--- Excerpted records ---

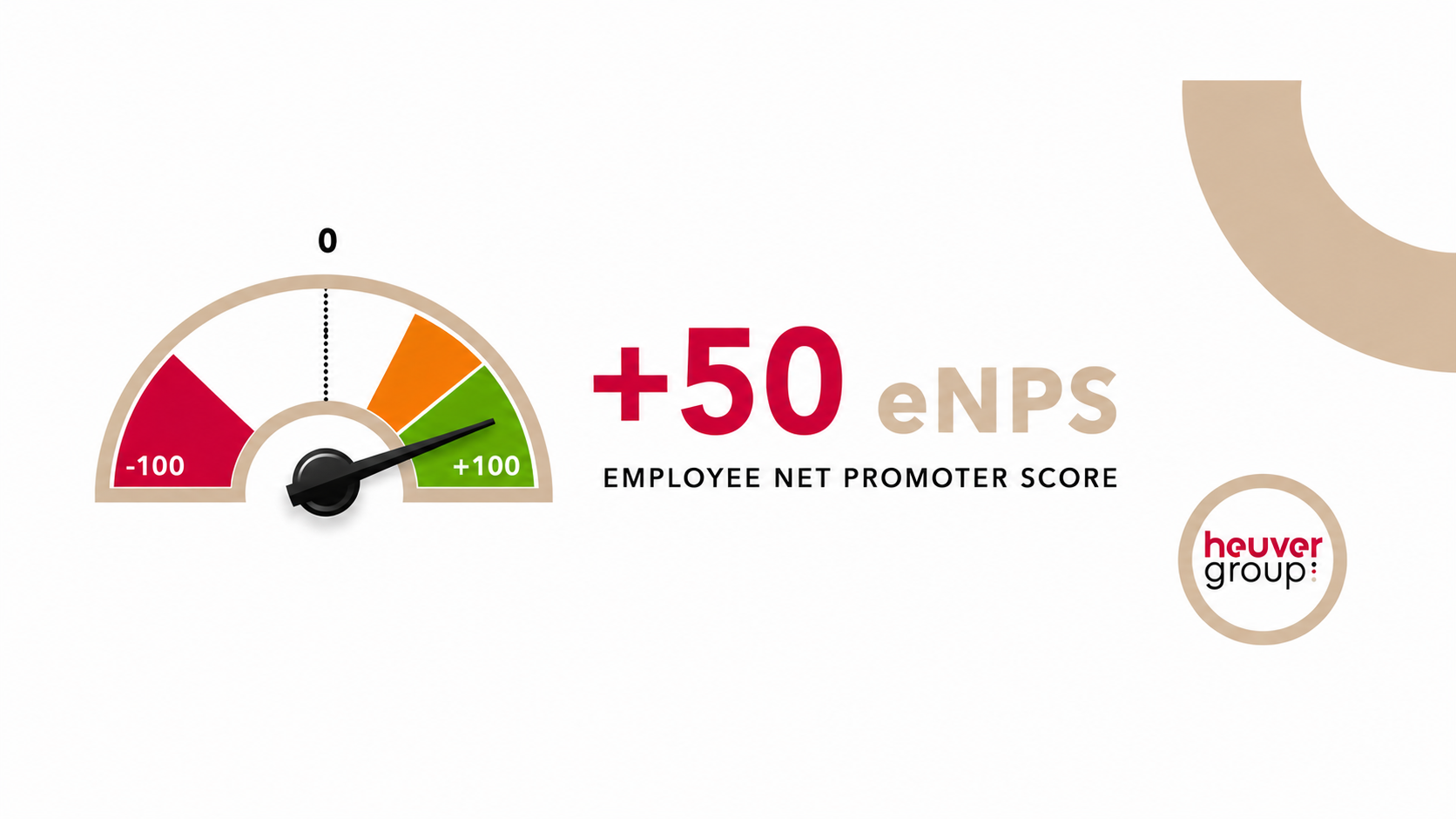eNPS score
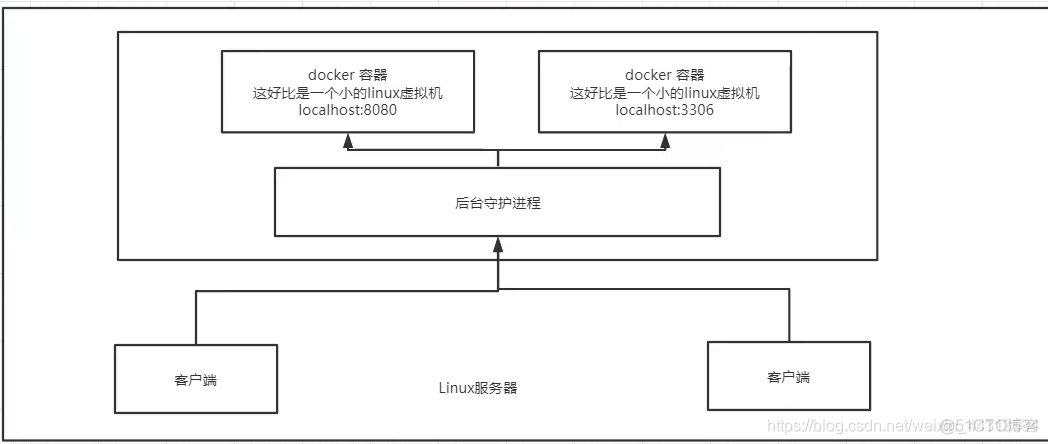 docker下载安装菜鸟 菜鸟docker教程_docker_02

---
--- Excerpted records ---

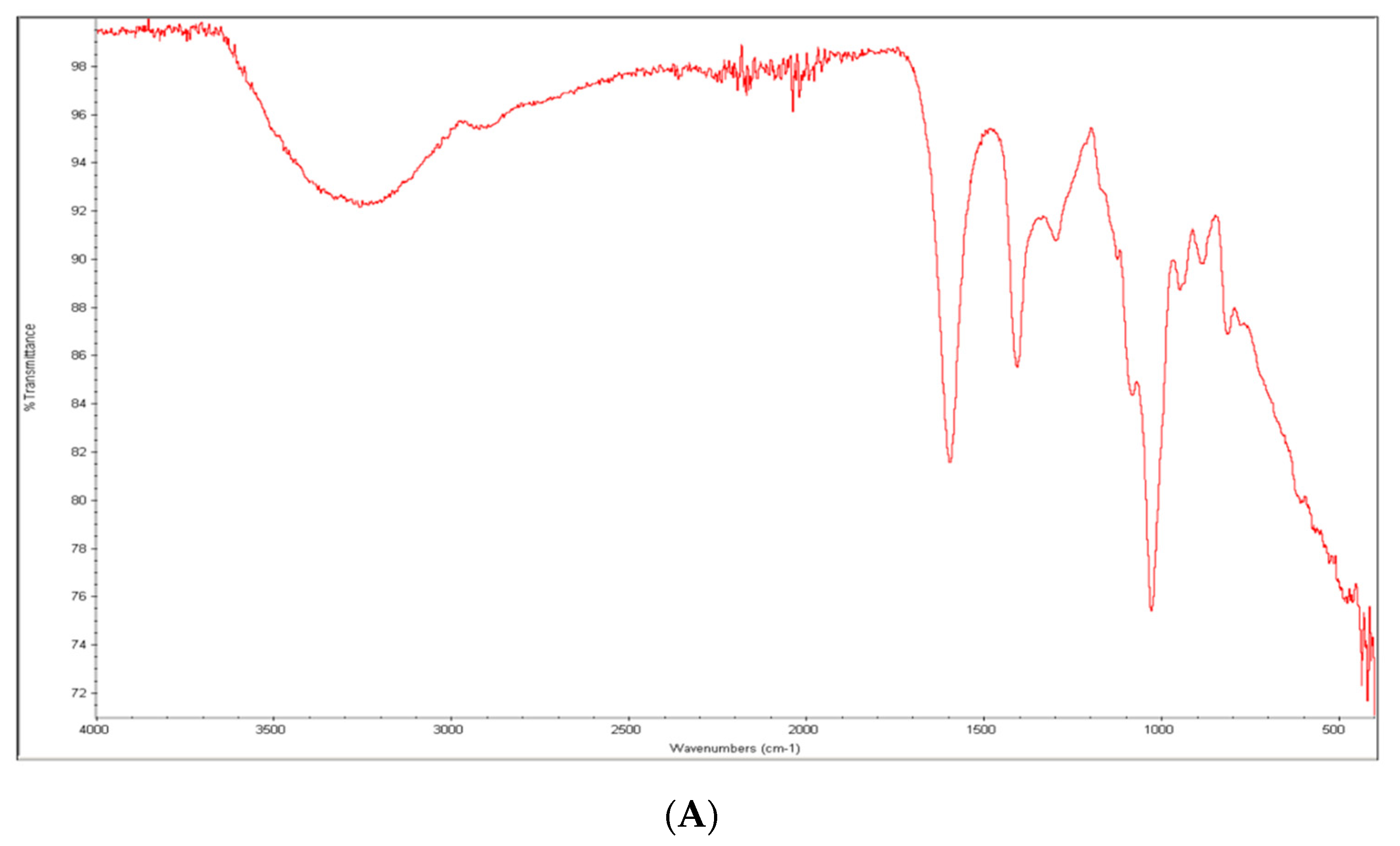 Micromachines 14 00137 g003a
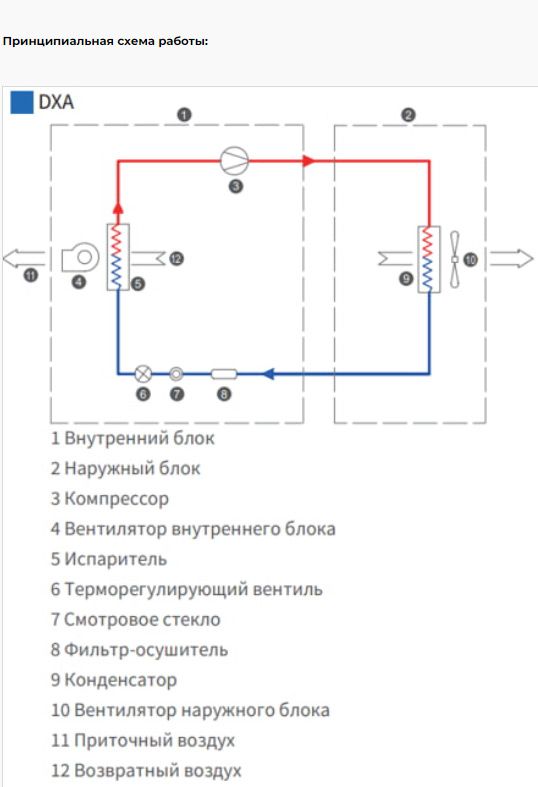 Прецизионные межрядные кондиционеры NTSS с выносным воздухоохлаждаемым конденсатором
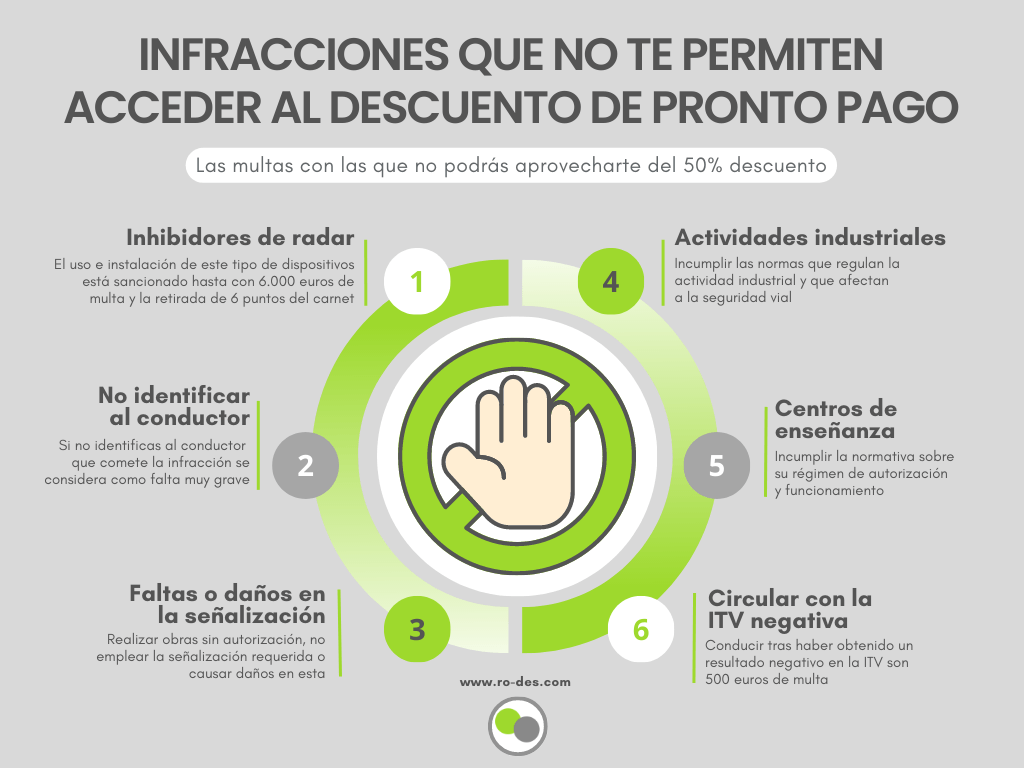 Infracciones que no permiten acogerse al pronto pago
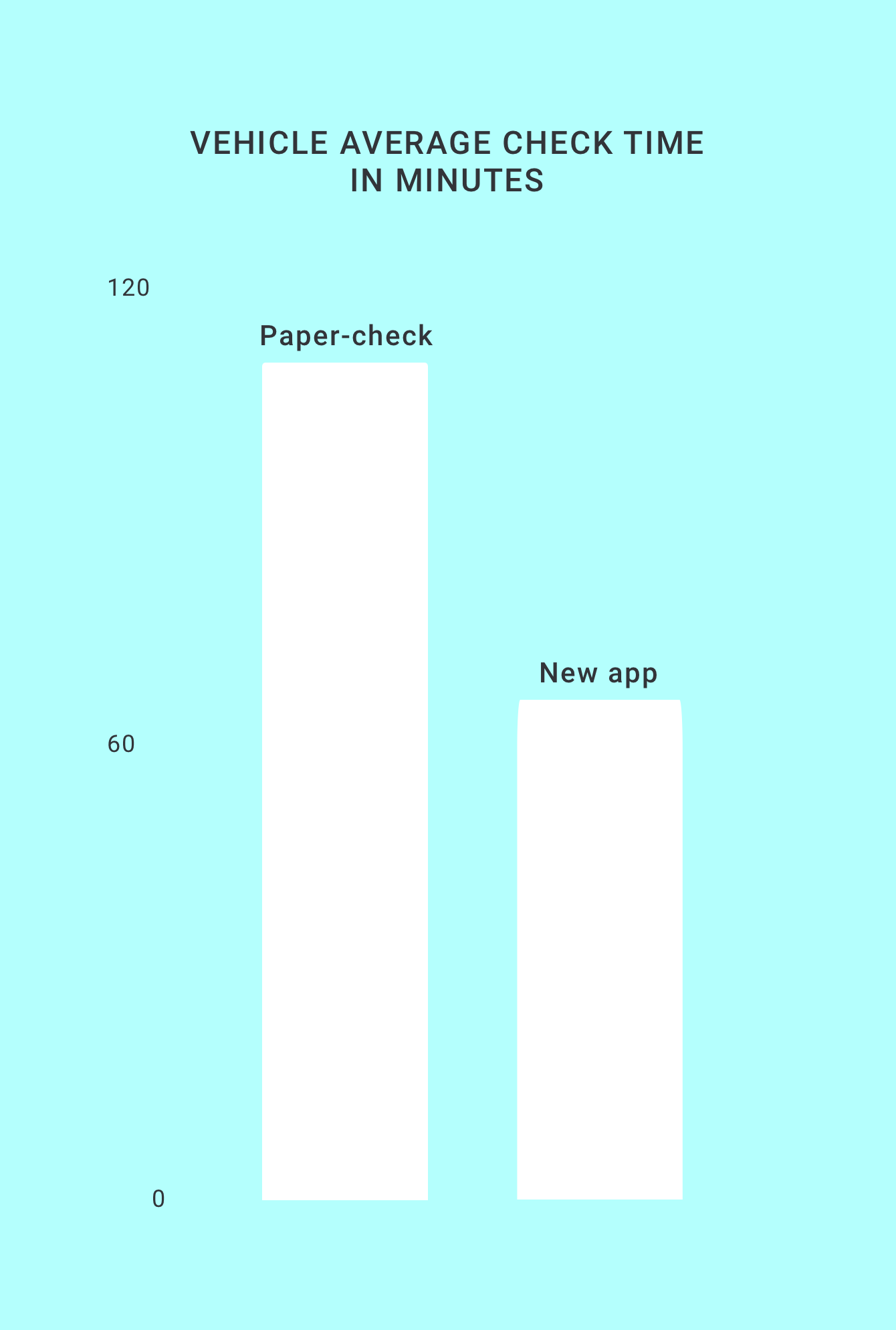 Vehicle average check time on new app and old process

---

Assigned task: In the listing above, find the line with "Micromachines 14 00137 g003a" and the line with "Vehicle average check". Set down exactly those lines and everything between them, skipping pictures.

Your solution:
 Micromachines 14 00137 g003a
 Прецизионные межрядные кондиционеры NTSS с выносным воздухоохлаждаемым конденсатором
 Infracciones que no permiten acogerse al pronto pago
 Vehicle average check time on new app and old process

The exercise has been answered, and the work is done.